- _Provided records_:
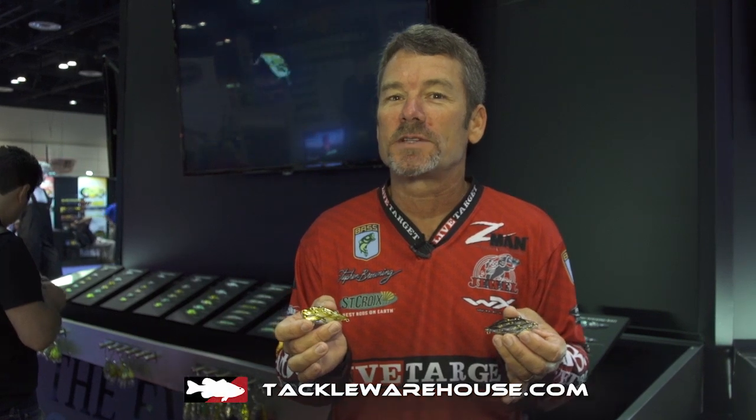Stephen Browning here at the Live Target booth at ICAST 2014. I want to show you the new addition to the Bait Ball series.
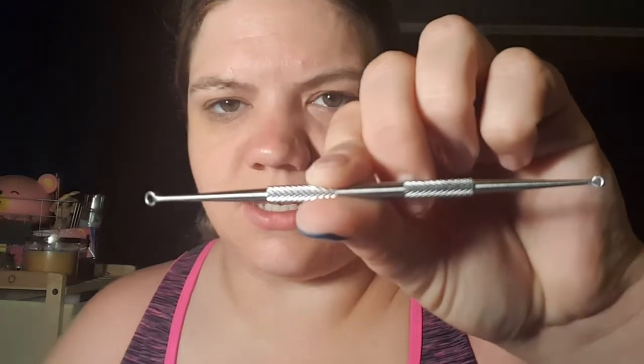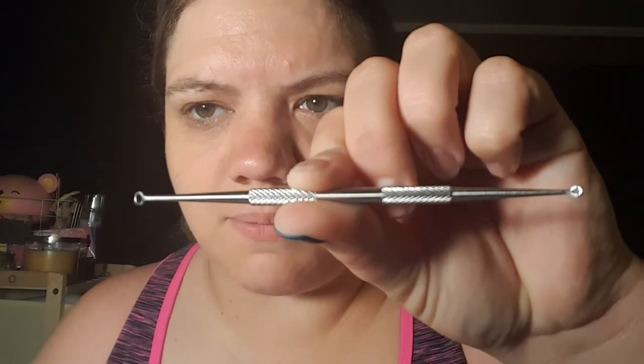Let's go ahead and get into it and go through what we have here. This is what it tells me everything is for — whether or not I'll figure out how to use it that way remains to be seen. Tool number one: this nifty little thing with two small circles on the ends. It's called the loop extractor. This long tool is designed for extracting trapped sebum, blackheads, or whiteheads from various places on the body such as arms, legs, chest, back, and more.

--

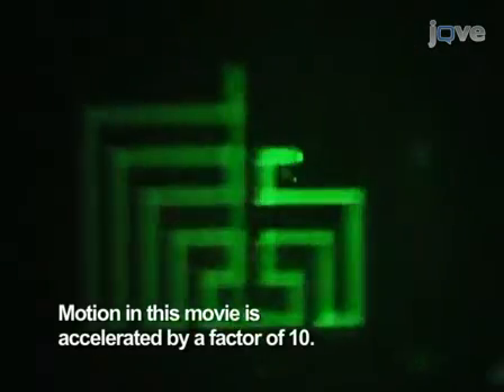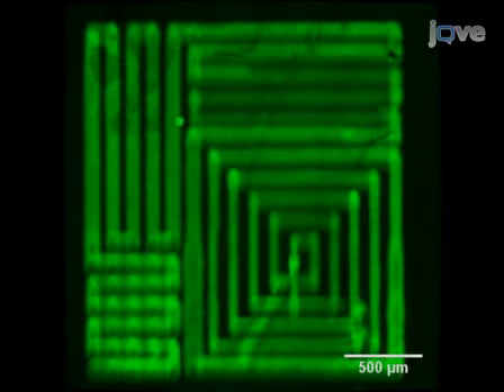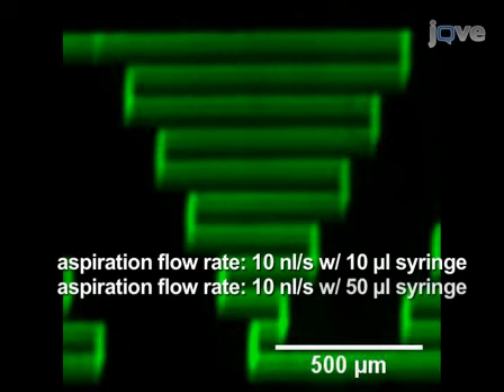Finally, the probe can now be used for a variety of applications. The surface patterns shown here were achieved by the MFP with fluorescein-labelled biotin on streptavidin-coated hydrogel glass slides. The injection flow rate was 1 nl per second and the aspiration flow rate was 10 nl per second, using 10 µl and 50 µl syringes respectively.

- _Exercise requirements_: Above are some records. Output exactly the lines from the one that contains "Stephen Browning here" to the one that contains "Let's go ahead", keeping both, and omit the pictures.

- _Output for this task_:
Stephen Browning here at the Live Target booth at ICAST 2014. I want to show you the new addition to the Bait Ball series.
Let's go ahead and get into it and go through what we have here. This is what it tells me everything is for — whether or not I'll figure out how to use it that way remains to be seen. Tool number one: this nifty little thing with two small circles on the ends. It's called the loop extractor. This long tool is designed for extracting trapped sebum, blackheads, or whiteheads from various places on the body such as arms, legs, chest, back, and more.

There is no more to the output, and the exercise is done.